In: Enterprise Biology Software, Version 2.0  © 2002 Robert P. Bolender

 

Enterprise Biology Software: III. Research (2002)

 

Robert P. Bolender

 

Enterprise Biology Software Project, P. O. Box 303, Medina, WA  98039-0303, USA

http://enterprisebiology.com

 


Summary

The Enterprise Biology Software (2002) updates the stereology literature database (research papers 1965 to 2001), refreshes the basic research tools (BIOLOGYtabs), and includes an upgrade of EBS (2001).  This paper introduces the new software, includes further examples of using a literature database as a research tool, and continues to explore the relationship of stereology to discovery in the life sciences.  Copies of the new software package are being sent to contributing authors and will be offered to first authors of stereology papers published in 2002. 

 

The original EBS (Bolender 2001a, 2001b) described the development of a literature database for biological stereology.  The first applications of the database included standardizing biological data, creating new data from old, and describing a mathematical platform for biology.  In turn, the platform was used as a research tool for exploring two fundamental principles of biology: connectivity and stoichiometry.  The project was launched by requesting reprints from first authors of stereology publications (1999-2001) and then returning copies of EBS (2001) to them.

 


 

Introduction

 

Background

 

The Enterprise Biology Software Project looks for ways of using mathematics and technology to accelerate learning and discovery in the life sciences.  In the first release of the software (Bolender, 2001a, 2001b), a stereology literature database was introduced as a research tool for exploring complex problems in basic and clinical research.  Three general observations came from that exercise.

 

1.  Patterns of connectivity appeared routinely in research data when the effects of disruptive variables influencing stereological data were minimized.  These troublesome variables included bias and time. 

2.  A stereology literature database can redefine the role of published data.  Data from one research paper can influence - and be influenced by - all other data entries in the database.  Moreover, data stored in a database can serve any purpose the user wishes – thereby ensuring both the short and long-term benefits of a research publication.

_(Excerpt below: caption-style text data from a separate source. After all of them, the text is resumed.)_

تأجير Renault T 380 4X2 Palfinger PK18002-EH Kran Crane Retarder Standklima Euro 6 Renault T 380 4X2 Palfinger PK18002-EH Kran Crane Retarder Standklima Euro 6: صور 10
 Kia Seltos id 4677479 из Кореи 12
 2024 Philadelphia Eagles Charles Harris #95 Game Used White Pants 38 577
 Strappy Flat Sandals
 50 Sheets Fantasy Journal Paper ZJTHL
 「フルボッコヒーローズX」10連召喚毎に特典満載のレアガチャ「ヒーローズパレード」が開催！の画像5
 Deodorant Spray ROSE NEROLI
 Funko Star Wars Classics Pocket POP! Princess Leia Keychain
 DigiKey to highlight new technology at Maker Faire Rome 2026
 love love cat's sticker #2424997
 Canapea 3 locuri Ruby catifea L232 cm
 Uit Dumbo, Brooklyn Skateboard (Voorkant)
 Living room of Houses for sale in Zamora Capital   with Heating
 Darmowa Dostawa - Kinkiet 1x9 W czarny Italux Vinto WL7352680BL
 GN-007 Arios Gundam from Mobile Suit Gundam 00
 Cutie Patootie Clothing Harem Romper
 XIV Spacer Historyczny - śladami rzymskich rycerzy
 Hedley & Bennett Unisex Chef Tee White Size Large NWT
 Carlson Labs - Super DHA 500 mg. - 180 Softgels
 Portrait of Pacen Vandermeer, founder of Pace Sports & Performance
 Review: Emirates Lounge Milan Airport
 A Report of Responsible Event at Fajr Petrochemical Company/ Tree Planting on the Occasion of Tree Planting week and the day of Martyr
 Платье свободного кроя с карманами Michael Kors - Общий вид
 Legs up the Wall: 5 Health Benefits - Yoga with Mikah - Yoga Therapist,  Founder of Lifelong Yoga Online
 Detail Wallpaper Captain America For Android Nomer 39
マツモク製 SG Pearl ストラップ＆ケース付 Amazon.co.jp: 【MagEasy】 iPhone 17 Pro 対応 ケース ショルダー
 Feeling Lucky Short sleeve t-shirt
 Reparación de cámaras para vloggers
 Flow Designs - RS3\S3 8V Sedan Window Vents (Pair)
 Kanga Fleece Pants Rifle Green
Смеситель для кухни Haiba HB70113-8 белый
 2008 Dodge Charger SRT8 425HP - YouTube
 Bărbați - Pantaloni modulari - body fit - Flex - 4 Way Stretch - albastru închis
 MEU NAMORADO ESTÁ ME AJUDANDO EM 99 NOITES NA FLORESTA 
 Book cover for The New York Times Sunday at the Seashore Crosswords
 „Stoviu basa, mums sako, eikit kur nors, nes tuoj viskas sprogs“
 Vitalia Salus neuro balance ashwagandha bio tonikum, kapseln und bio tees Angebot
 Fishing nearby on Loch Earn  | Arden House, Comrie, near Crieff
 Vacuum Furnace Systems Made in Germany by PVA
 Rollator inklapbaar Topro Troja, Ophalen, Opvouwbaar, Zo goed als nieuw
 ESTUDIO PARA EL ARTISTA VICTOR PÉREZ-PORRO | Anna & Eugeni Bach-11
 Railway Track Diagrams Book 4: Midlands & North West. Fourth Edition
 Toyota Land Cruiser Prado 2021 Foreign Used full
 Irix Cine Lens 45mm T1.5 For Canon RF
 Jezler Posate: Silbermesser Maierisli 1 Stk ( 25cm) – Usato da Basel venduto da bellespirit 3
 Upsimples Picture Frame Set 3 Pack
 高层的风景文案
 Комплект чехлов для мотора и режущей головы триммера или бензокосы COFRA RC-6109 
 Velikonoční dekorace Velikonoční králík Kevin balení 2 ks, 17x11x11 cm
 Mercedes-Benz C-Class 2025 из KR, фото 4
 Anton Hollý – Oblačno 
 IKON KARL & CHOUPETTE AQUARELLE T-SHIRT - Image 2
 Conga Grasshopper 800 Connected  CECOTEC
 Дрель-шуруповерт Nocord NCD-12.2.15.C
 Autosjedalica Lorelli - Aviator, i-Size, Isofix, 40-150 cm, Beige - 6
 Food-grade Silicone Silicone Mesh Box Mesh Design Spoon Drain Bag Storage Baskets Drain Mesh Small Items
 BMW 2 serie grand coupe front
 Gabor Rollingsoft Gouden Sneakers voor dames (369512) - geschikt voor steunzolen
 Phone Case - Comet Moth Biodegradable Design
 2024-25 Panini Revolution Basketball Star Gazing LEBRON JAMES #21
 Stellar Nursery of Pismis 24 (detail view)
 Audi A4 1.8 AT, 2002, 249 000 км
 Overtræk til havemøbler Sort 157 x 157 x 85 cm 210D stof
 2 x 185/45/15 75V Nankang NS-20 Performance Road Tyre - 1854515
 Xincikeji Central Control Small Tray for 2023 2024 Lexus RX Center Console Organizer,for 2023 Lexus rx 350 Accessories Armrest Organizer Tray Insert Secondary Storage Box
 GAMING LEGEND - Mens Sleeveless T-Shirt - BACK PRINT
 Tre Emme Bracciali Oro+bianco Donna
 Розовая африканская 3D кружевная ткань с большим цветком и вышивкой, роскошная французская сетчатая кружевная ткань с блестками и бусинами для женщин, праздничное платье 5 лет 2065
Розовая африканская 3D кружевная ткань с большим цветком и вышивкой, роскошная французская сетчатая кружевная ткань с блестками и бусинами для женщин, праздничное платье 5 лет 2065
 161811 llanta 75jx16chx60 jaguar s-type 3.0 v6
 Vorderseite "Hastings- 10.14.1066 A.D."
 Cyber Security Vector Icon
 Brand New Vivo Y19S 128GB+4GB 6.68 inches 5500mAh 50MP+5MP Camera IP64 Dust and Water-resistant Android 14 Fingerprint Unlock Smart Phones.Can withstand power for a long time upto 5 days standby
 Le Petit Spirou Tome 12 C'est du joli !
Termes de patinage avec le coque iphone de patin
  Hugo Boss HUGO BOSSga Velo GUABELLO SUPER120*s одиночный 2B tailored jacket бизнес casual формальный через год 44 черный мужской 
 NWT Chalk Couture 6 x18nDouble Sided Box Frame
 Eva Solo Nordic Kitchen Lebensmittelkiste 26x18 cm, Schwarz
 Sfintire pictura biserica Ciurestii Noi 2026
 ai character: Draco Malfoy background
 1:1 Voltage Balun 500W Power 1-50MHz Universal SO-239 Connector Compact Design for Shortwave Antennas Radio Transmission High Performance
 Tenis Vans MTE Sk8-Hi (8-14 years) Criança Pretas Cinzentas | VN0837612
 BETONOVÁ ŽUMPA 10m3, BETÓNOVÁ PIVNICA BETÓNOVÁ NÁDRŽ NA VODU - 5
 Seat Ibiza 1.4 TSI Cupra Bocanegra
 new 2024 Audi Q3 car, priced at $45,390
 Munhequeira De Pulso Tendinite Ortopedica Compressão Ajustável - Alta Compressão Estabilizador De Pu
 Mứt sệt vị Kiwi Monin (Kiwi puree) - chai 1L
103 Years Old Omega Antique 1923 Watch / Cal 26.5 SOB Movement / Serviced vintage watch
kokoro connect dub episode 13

3.  The challenging task of unraveling gene function requires data analysis at the level of complex systems.  The database technology – included in the Enterprise Biology Software - effectively upgrades stereological data to this level by adding a Connection Model, as shown below.

 

Living Animal

·  Many Preparative Steps

·  Many Methods

Stereological Estimate

Change Model – Designed for Simple Systems

Minimize Effects of Disruptive Variables

Connection Model – Designed for Complex Systems

Patterns, Principles, Gene Function, Etc.

 

The current release of the software (EBS 2002) upgrades the stereology literature database through 2001 and explores additional ways of using the database as a research tool.  We begin our continuing story with a timely reality check. 

Reality Check

 

In the current release, we address a controversial question.  Can stereological data be trusted?  The new design-based methods of stereology have been widely heralded as ushering in an era of unbiased stereology - a “modern stereology.”  These new methods have enjoyed great success and they are enthusiastically supported by the stereology community.  However, a reality check forces us to ask what can only be regarded as an uncomfortable and unpleasant question.  Do these new unbiased methods actually produce unbiased data?  Consider cases A and B.

 

 

Case A

 

Living Animal

·   Many Preparative Steps

·   Many Methods

Stereological Estimate

Stereological Data (Unbiased)

 

 

Case B

 

Living Animal

·  Many Preparative Steps

·  Many Methods

Stereological Estimate

Stereological Data (Biased)

 

 

If we select Case A, then we can safely assume that all the conditions of the unbiased methods are met throughout the process of generating data – without exception.  Here the stereological data estimates accurately reflect the structures in the living animal and there is no bias.  If we select Case B, then we accept the view that the procedures used to capture data from living animals introduce bias.  In this case, stereological data do not accurately reflect the structures in the living animal because the data carry a bias.  Case A allows us to overlook the presence of the troublesome variables bias and time, Case B does not.  Of the two, Case B seems closer to the truth.   

 

 

Amazing Secret

 

Is the bias in biological data hiding an amazing secret?  Probably, yes.  A striking clue comes from recent discoveries in molecular biology.  Genome sequences taken from a variety of animals reveal an astounding similarity.  In several cases, the genetic blueprints are nearly identical (Waterston et al., 2002).  Should this pattern of similarity persist, then structures in different animals might differ largely by size and phenotypic expression.  In other words, all structures based on the same genetic code can be expected to be equivalent and scalable.  A recent article would seem to support this view.  When kidney precursor cells from a human were transplanted into a mouse a small human kidney developed and functioned normally (Dekel et al., 2003).